Government red tape response sluggish

8 February 2001

Government red tape response ‘sluggish’

By FWi staff

THE NFU has accused the government of being sluggish in its response to a task force urging it to ease the regulatory burden on farmers.

The government has promised to act on most of the 21 recommendations put forward by Lord Haskins environmental regulation task report in November.

In its response, it acknowledges that regulation should impose the minimum burden on farmers, while achieving the necessary safeguards.

It says a number of the recommendations have already been “driven forwards”, while others will be progressed as fast as possible.

“The Government is determined to improve the regulatory environment in which the agriculture industry operates,” it says in its response to the report, published on Wednesday.

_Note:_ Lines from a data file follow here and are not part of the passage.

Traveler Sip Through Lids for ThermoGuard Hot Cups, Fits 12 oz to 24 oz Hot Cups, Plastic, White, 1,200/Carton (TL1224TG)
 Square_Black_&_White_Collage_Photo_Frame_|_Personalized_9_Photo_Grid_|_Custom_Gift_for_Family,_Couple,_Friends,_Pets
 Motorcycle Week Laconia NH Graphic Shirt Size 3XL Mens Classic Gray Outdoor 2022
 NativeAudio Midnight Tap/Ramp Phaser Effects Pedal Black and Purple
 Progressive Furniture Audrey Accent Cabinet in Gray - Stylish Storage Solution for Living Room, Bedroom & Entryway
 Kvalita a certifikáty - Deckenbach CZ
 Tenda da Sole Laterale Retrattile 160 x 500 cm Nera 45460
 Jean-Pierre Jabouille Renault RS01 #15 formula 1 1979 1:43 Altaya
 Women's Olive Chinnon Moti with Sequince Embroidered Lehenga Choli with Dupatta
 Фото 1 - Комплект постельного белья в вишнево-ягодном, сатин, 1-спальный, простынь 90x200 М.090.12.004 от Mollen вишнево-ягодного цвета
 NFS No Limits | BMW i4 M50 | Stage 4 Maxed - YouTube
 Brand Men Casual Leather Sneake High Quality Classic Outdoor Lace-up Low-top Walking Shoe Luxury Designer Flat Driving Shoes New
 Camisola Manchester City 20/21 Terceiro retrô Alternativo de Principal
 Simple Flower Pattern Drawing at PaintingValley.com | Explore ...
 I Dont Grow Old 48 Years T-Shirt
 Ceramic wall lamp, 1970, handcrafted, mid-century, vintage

But NFU environment adviser Andrew Clark said the union is disappointed with the response, which showed a lack of urgency.

“We are disappointed that the government does not seem to be fully aware of a raft of forthcoming regulation, even though it agrees that regulation should place the minimum burden on farmers,” he said.

He said the next decade will see a number of new regulations introduced that will impose a significant cost on farmers and need urgent attention.

He acknowledged, however, that there was encouragement in the form of the governments broad response to the report, even it wasnt there in the detail.

Speaking at the NFU conference in London on Wednesday (07 February), farm minister Nick Brown outlined the key areas where the government has pledged to change.

“Were reaffirming our commitment against gold-plating of EU directives,” he said.

“Well be upping our game in terms of lobbying in Brussels early in the development of all new regulations that could affect British farmers.”

“Were going to do more to use planning policy to promote sustainable farm business diversification and were committed to further improving the co-ordination of farm inspections to minimise the burdens of inspections on farmers.

But the response gave nothing away about plans to introduce a pesticides tax in response to Lord Haskins recommendation that idea should be shelved. It says it has noted the recommendation and that discussion with the industry is ongoing.